Press "Enter" to skip to content

Curated SQL Posts

magrittr’s Four Pipes

Gregory Janesch shows off the various pipes in the magrittr R package:

The magrittr package is a part of the extended tidyverse – i.e., not one of the ones normally loaded. It is the one that supplies the pipe operator (%>%), but it turns out that the package actually contains four pipe operators in total. All are intended to streamline and improve the readability of code, though the three non-basic ones are a bit more situational, and I’ve rarely seen them used, so I thought I would go into them a bit.

The CRAN page for magrittr is here; much of this post is based off of the package’s vignettes and documentation.

Click through for demonstrations of each. I’ve only seen the basic pipe in use as well, but the others look quite interesting and I can see use cases where knowing about them would be helpful. Also, note in the comments about the secret 5th pipe. H/T R-Bloggers

Comments closed

Databricks Serverless SQL

Nikhil Jethava and Kevin Clugage announce serverless SQL on Databricks:

Databricks SQL already provides a first-class user experience for BI and SQL directly on the data lake, and today, we are excited to announce another step in making data and AI simple with Databricks Serverless SQL. This new capability for Databricks SQL provides instant compute to users for their BI and SQL workloads, with minimal management required and capacity optimizations that can lower overall cost by an average of 40%. This makes it even easier for organizations to expand adoption of the lakehouse for business analysts who are looking to access the rich, real-time datasets of the lakehouse with a simple and performant solution.

Under the hood of this capability is an active server fleet, fully managed by Databricks, that can transfer compute capacity to user queries, typically in about 15 seconds. The best part? You only pay for Serverless SQL when users start running reports or queries.

Things are getting interesting between Databricks and Azure Synapse Analytics, as both now have serverless SQL and Spark offerings. Synapse Analytics has the better implementation for serverless SQL and Databricks the superior Spark implementation, so it becomes a question of which weakness you take in order to gain the strength.

1 Comment

Interchangability between ADF and Synapse Integration Pipelines

Paul Andrew makes a discovery:

Inspired by an earlier blog where we looked at ‘How Interchangeable Delta Tables Are Between Databricks and Synapse‘ I decided to do a similar exercise, but this time with the integration pipeline components taking centre stage.

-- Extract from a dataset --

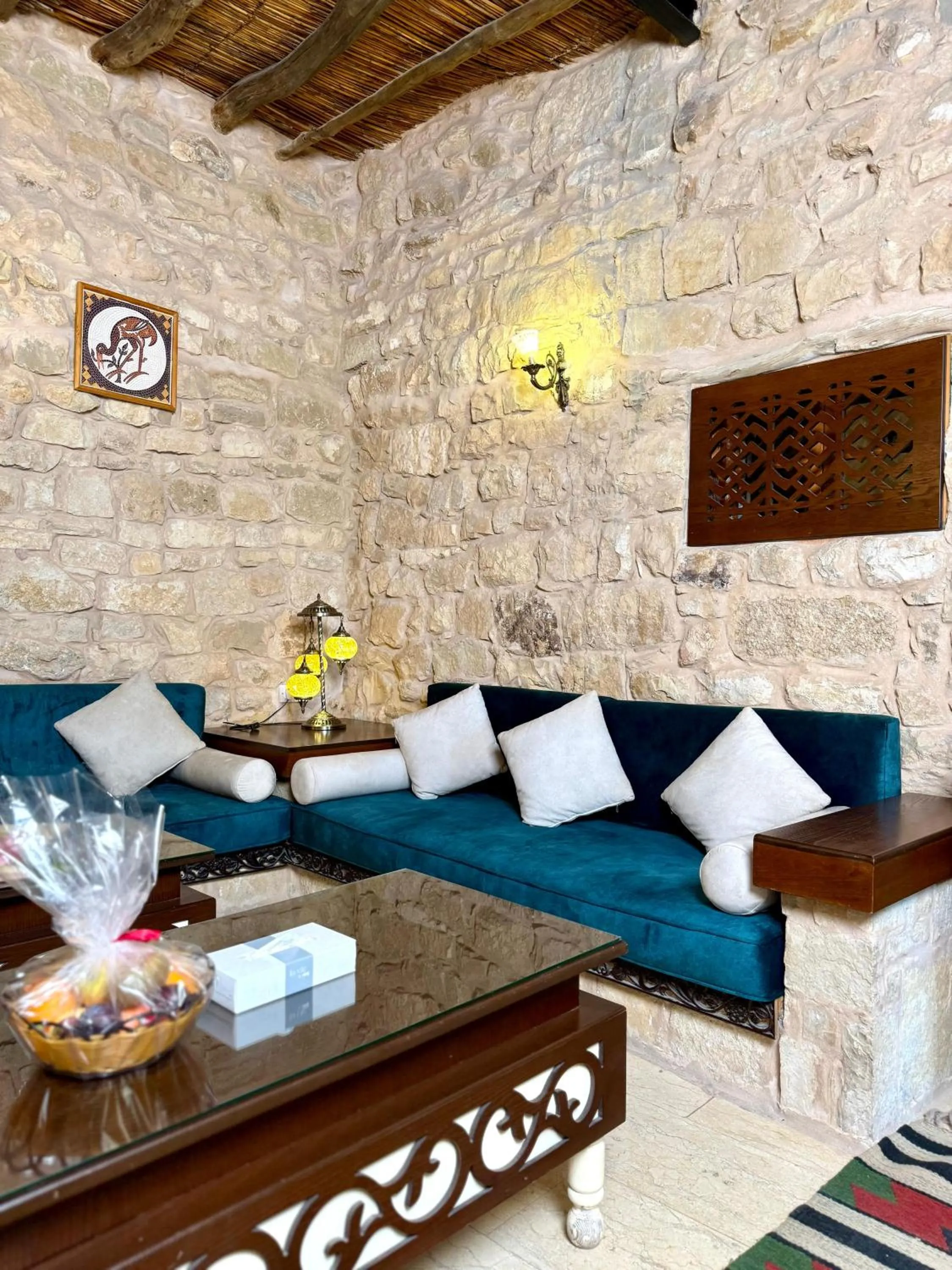 Living room in Hayat Zaman Hotel And Resort Petra
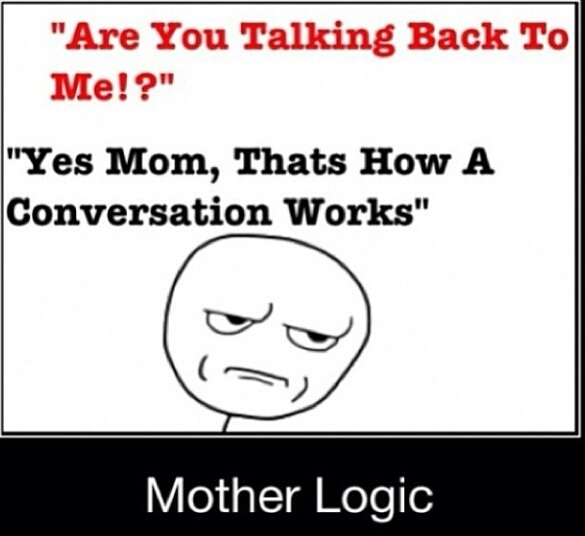 duh if i didnt talk you would think im ignoring you - meme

As I said in my previous blog post, the question in the heading of this blog should be incredibly pertinent to all solution/technical leads delivering an Azure based data platform solution so to answer it directly:

Read on to learn the answer.

Comments closed

Avoiding WHILE 1=1 Loops

Aaron Bertrand does not believe in the power of the infinite loop:

A short time ago a colleague had an issue with a Microsoft SQL Server stored procedure. They were using our recommended approach for batching updates, but there was a small problem with their code that led to the procedure “running forever.” I think we’ve all made a mistake like this at one point or another; here’s how I try to avoid the situation altogether.

The argument isn’t “don’t use WHILE loops” or “don’t use batching logic,” but instead to ensure that you have a break condition somewhere. It’s reasonable to ask for an end state before you begin processing something, after all.

Comments closed

.NET 5 C# Language Extension for SQL Server

Nikita Takru makes an announcement:

SQL Server 2019 supports the R, Python, and Java Language Extensions. These language extensions provide many benefits to developers. They provide data security, rapid speed for deployment, and ease of integration.

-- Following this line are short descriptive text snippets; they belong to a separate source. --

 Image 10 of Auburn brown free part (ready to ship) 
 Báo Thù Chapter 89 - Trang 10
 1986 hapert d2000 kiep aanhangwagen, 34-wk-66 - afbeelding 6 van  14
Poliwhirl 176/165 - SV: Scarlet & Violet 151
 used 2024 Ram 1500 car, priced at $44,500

Previously, we announced the release of JavaR, and Python extensions. Today we are thrilled to share that we are open sourcing the .NET 5 C# Language Extension for SQL Server on GitHub.

My response to this is roughly the same as what Panagiotis Kanavos put in a GitHub issue. F#, being a functional programming language intended for things like data analysis, would be a no-brainer. And the choice of Windows-only support probably helped get it out the door faster, but can be limiting over time.

I guess the short version is, we’ll see what the community does with this. I’d also like to see how it compares to CLR on actions. My guess is that it’ll be slower based on the way the R and Python engines work, but that’s just a guess. Overall, I’m happy this exists and want it to be more useful.

Comments closed

Wait Stats on Sort Spills

Erik Darling starts a new series on wait stats, starting with one particular topic:

The point is not that spills are the sole things that cause these waits, it’s just to give you some things to potentially watch out for if you see these waits piling up and can’t pin down where they’re coming from.

In all the queries, I’m going to be using the MAX_GRANT_PERCENT hint to set the memory grant ridiculously low to make the waits I care about stick out.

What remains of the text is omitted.